← Graph View All Domains

A topic in the Open Knowledge Graph — a free, open map of 15,290 topics and the order to learn them in.

Dummy Variables and Categorical Regressors

College Depth 111 in the knowledge graph ☐ I know this ☆ Set as goal

64topics build on this

577prerequisites beneath it

See this on the map →

Interpreting Regression Coefficients Multiple Regression→→Difference-in-Differences Fixed Effects Models

Core Idea

A dummy (indicator) variable takes values 0 or 1 to represent group membership, allowing categorical variables to enter linear regression. The coefficient on a dummy captures the mean difference in y between that group and the omitted reference group, holding all other regressors constant. For a variable with k categories, include k−1 dummies to avoid perfect multicollinearity (the dummy variable trap). Interaction terms between a dummy and a continuous variable allow the slope on the continuous variable to differ across groups, enabling tests of whether relationships are heterogeneous.

How It's Best Learned

Run a gender wage gap regression with and without control variables to see how the dummy coefficient changes — this illustrates both interpretation and the role of controls in reducing omitted variable bias.

Common Misconceptions

Including all k dummies creates perfect multicollinearity with the intercept (dummy variable trap) — always drop one.
The reference category matters for the coefficient values but not for the implied predicted means or their differences.

Explainer

A dummy variable (also called an indicator variable) is a 0/1 switch that lets categorical information enter a regression. Suppose you want to know whether women earn less than men, controlling for education and experience. You can't use "gender" directly as a number — it has no natural scale. Instead, you create a variable that equals 1 if female and 0 if male. The OLS regression then estimates a separate intercept shift for the female group: the coefficient on the dummy tells you the average wage gap, holding education and experience constant.

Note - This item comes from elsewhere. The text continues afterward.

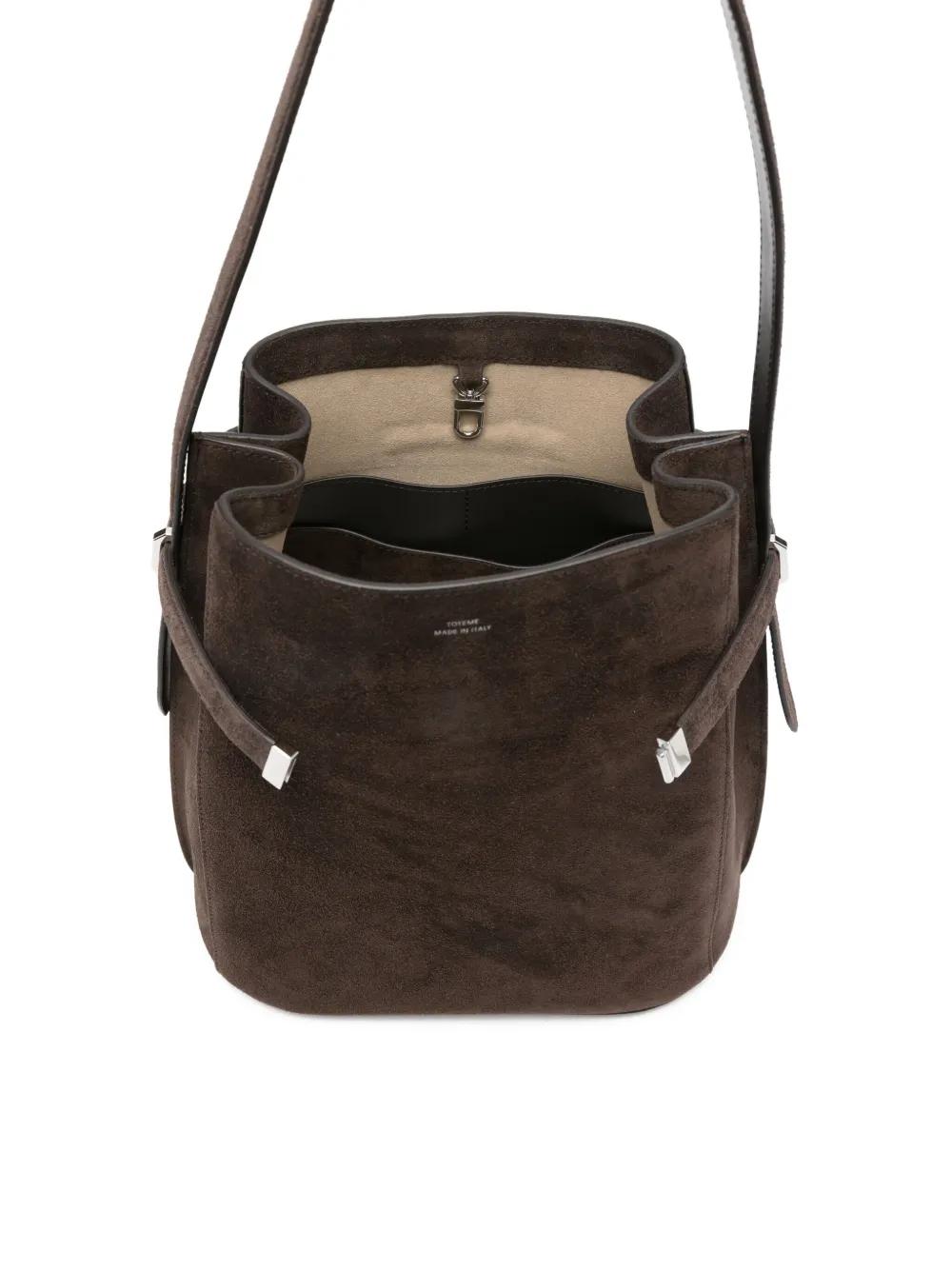 TOTEME Suede Leather Buckle Shoulder Handbag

This is the core insight — the dummy converts a group membership question into a coefficient interpretation you already know from multiple regression.

The reference category is the group coded as 0, and every dummy coefficient is interpreted as a difference *relative to that baseline*. If you have three education categories — high school, college, and graduate — you'd include two dummies and leave one out. The omitted category becomes the reference. A coefficient of +$15,000 on the college dummy means college graduates earn $15,000 more on average than high school graduates (the reference), holding other variables constant. You could make any category the reference; the predicted values and group differences don't change, only the coefficient labels.

The dummy variable trap is what happens when you include all k dummies for a k-category variable. Each observation must belong to exactly one category, so the dummies always sum to 1 — exactly equal to the intercept column. This perfect multicollinearity means the matrix (X'X) cannot be inverted, and OLS has no unique solution. The fix is mechanical: always omit one category. This is not a data problem — it's a modeling rule. Software packages typically drop a category automatically, but you should know which one was dropped to interpret coefficients correctly.

Interaction terms extend dummy variables into testing whether the *slope* of a continuous variable differs across groups. If you interact the female dummy with years of education, the interaction coefficient estimates how much the return to education differs for women versus men. A positive interaction means education pays off more for women; a negative one means less. Without the interaction, your model assumes the slope on education is identical for both groups — the dummy only shifts the intercept. With the interaction, you allow the line itself to have a different angle. This is a powerful generalization: the dummy controls for level differences, while the interaction term captures heterogeneous relationships, enabling you to test whether any relationship you've estimated is the same across groups.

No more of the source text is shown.